### WORK INSTRUCTION
Your reply should be the records below, duplicated exactly, with any picture removed.

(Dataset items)
►

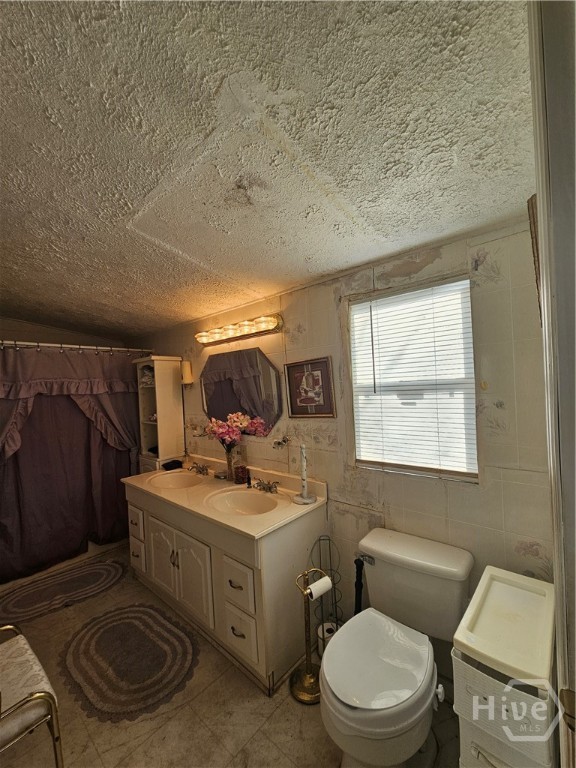 906 E 38th Street Property Photo 41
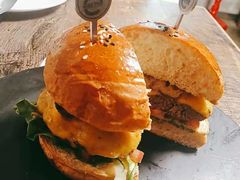 -HIGH FIVE哈福手工汉堡(桂林路店)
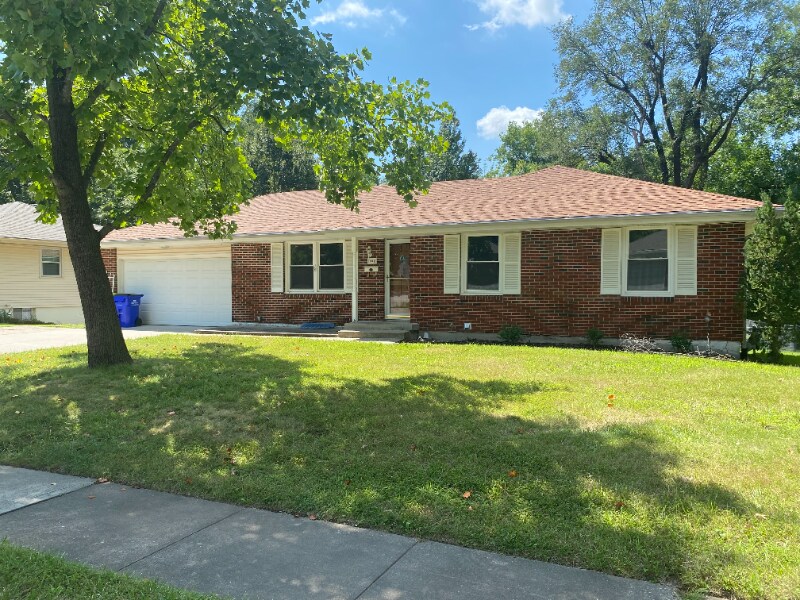 Primary Photo - 401 SW Stratford Rd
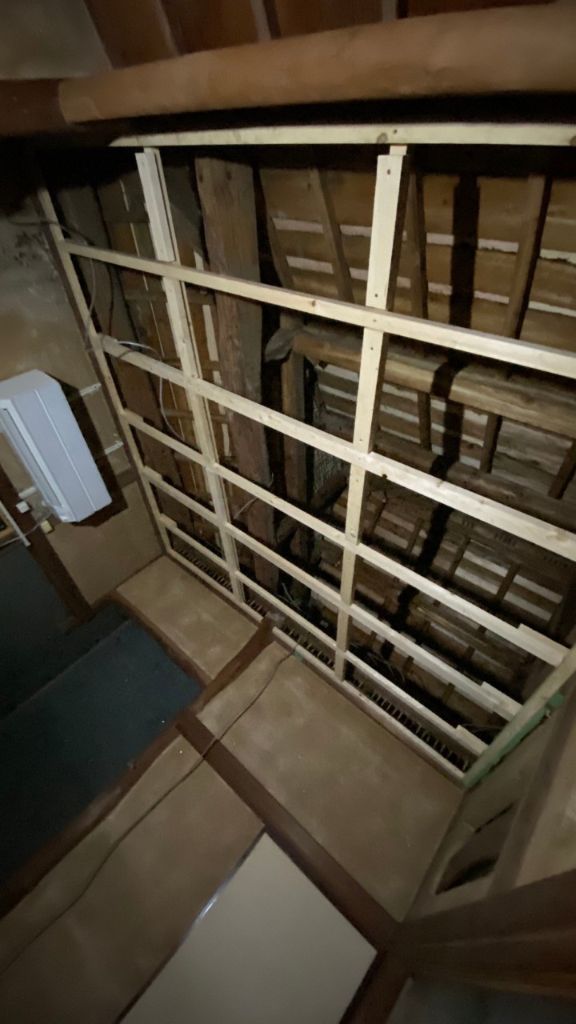 施工中：壁下地作業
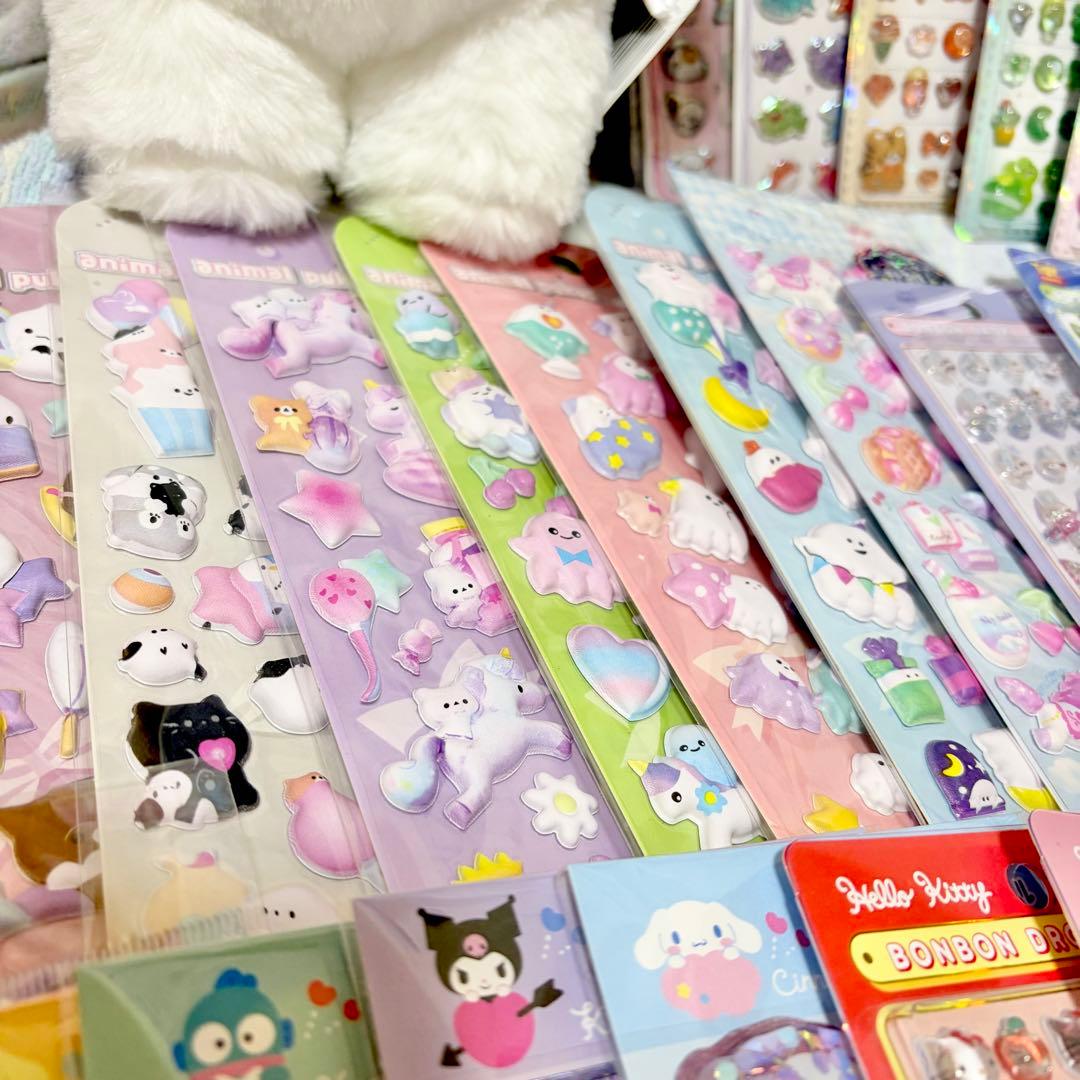 ボンボンドロップシール シール　うるちゅる　タイルシール　サンリオ ディズニー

◄

### EXERCISE SOLUTION
 906 E 38th Street Property Photo 41
 -HIGH FIVE哈福手工汉堡(桂林路店)
 Primary Photo - 401 SW Stratford Rd
 施工中：壁下地作業
 ボンボンドロップシール シール　うるちゅる　タイルシール　サンリオ ディズニー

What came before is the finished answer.